There are limitations of the current study that should be considered. Participants may recall their behavior better because they were being observed, though there is no way to empirically test this. To mitigate this effect, the participants were not told the PDR was going to be conducted the following day. The ICCs between direct observation and PDR active and sedentary time in this study (0.73 to 0.83) were similar to the correlations between activPAL and PDR estimates from previous work (0.75 to 0.81), with the exception of adolescent girls who had lower correlations (0.64 to 0.80) in the previous study . This suggests, at least for active and sedentary time, that the accuracy of the recall was not substantially impacted by the observation session. Another limitation to our study is that the sample size was small and may not generalize to other populations. In particular, the sample was relatively young (range 12-62y) with a mean of 42y for adults. Future studies should assess the validity of the PDR with an older adult population. The sample did include a range of BMI (15.7 to 41.0 kg/m2) and a roughly equal distribution of males and females (Table 1). There are challenges for both the observer and the PDR when they complete multiple activities at the same time, which could have introduced error. The observers were instructed to code the purpose for the primary activity. For example, if a participant was eating while watching TV, this would be coded as “self-care”, until the participant stopped eating and then it would be considered leisure time. Similarly, for the recall participants were instructed to code the primary activity. If the participant reported doing two activities with substantially different energy expenditure (e.g., reading and walking on a treadmill) the activity with the higher energy expenditure was recorded.

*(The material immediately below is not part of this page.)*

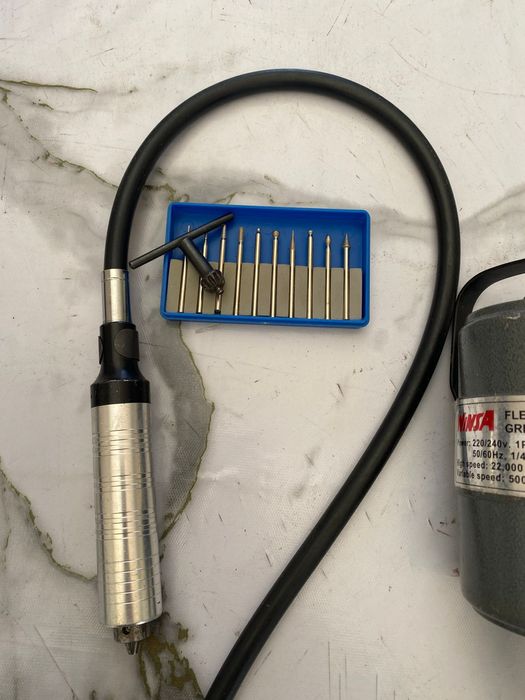 Продам бор машинку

For some locations and purposes, there were a very small number of participants who completed the activity. The accuracy for these less common physical behaviors could not be addressed. It is possible this reflects the actual portion of time individuals spend in these activities (e.g., adults doing educational activities) . For other activities, such as time at work/school for adolescents, the low number of segments (n = 5) was largely due to safety and logistic concerns of the school district in having an outside observer in the classroom. Time at school makes up a large portion of an adolescent’s day and future studies should attempt to validate measurement tools within a school setting.